When I was growing up in suburbia, parents had a different perspective on kid oversight. My mother would throw us out of the house, and basically tell us don’t come back till suppertime. There were no arranged play dates, groups of kids were always free roaming, playing in the street and running through people’s lawns. Within four blocks, there were always large groups of kids playing together. For the most part we self-organized into teams, to play baseball, manhunt and catch the flag. Kids of all ages, and diversity would be around and played together. For the most part, things always seemed to work out on the street, even when disagreements over randomly made new rules, or who was on who’s team, the group always seemed inclusive.

That's not to say that looking back on it as an adult, on occasion, it seemed at times like the neighborhood was always one conch shell away from re-enacting the “The Lord of the Flies.” 

Adult peer groups have very similar strange dynamics, especially when working in teams. For right or wrong, peer pressure can be used for both good and evil. When you have a great group and people respect each other, it can be rewarding, interesting and exciting. If the group is ready to have a meeting, they can get the lagers to come along or modify the way they work to make accommodations. They can encourage each other, support each other and learn from each other. However, they can just as easily make others targets.

You can tell when a team is working well with each other, they fall into routines, build their own rituals and socialize together. As leaders we can support them by promoting ways in which they can tighten their commitment with each other, the good behaviors. However, it is a balance. There are only so many times the group can put up with people not pulling their weight. Good groups can easily splinter for some of the dumbest reasons, and one of the biggest dumb reason is when their is a perception that one key member isn't pulling their weight.

We can even apply what the agency does to promote values and ways of working by doing similar things in our smaller groups. In an open environment we can provide them a team space, we can get them to start off a meeting by someone sharing a story, and we can let our teams work together in ad-hoc ways. If can support them if tensions get high, we can help mediate and step in to adjust the group.

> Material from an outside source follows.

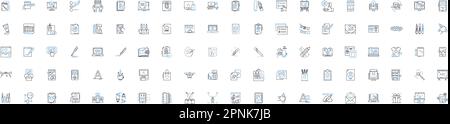 Web development line icons collection. HTML, CSS, JavaScript, PHP, Python, Ruby, Java vector and linear illustration. Nodejs,React,Angular outline Stock Vector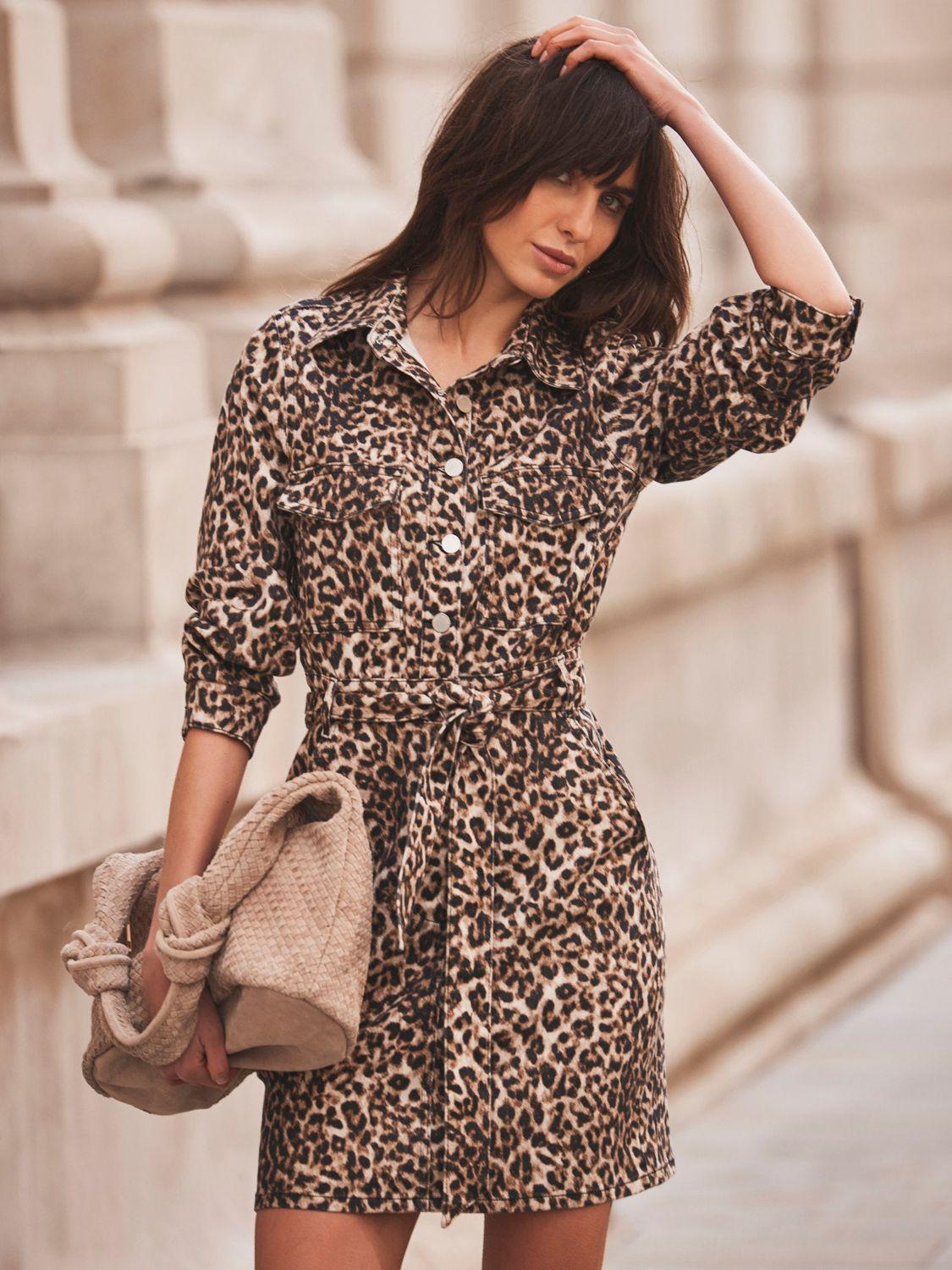 leopard print denim shirt dress Leopard Ruffle Denim Shirt Dress Extra large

The downside of a team environment, is that individual performance can be hard to evaluate and judge. In reality, a project’s success is the result of a team effort. Not everyone will contribute equally, for each person will bring to the table their own set of individual motivational factors that may run against each other. While peer groups have a way of aligning goals, this is not the same as aligning individual motivation. Team driven outcomes do not mean an individual's goals are addressed.

One of the things we often forget as leaders is that we need to do more than just lead. By recognizing what we can do to help them on the battle field, we can become the support system our team and individual team members need to succeed.